Petra Christina Antonella Gössi (born 12 January 1976 in Lucerne) is a Swiss politician. She was a member of the National Council from 2011 to 2023 for The Liberals and was elected to the Council of States in 2023. Previously she served on the Cantonal Council of Schwyz between 2004 and 2011. Since 2006, she has been a member of the management of The Liberals and between 2012 and 2016 was president of her political party.

==Early life and education==
Gössi was born 12 January 1976 in Lucerne, Switzerland to Anton 'Tony' and Edy (née Pini) Gössi. Her parents operated a household supply store. Her mother hailed from Ticino, therefore she was raised bilingual.

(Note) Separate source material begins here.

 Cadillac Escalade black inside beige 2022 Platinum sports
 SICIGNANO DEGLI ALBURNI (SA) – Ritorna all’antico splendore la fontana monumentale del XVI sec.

She was raised in Küssnacht am Rigi on Lake Lucerne. She attended Gymnasium Immensee, where she completed her Matura. Subsequently she studied Law at the University of Bern graduating with a Licentiate degree. She completed a Master's degree in Economic Crime Investigation at Lucerne University of Applied Sciences and Arts. Since March 2021, she is enrolled at the University of St. Gallen for a Diploma in General Management.

== Career ==
Gössi completed various internships and trainee programs, most prominently with Arthur Andersen in 2002, but also with local courts and law offices in Schwyz, Zug and Zürich. She held various positions until 2008, before she became a tax and business consultant for Bayron AG in Zürich.

== Politics ==
In 2004, she was elected to the Cantonal Council of Schwyz. At the age of 32, she became the council president and served in that role until 2011, when she was elected to the National Council. She was also selected as the FDP leader in Schwyz.

In 2016, Gössi succeeded Philipp Müller as the leader of the national FDP. She is the second woman to lead the party. She resigned from this position in 2021.

In 2023, she was elected to the Council of States.

== Personal life ==
Gössi is in a relationship with Josef Alois 'Joe' Hättenschwiler, a Zürich-based psychiatrist. She resides in Küssnacht am Rigi.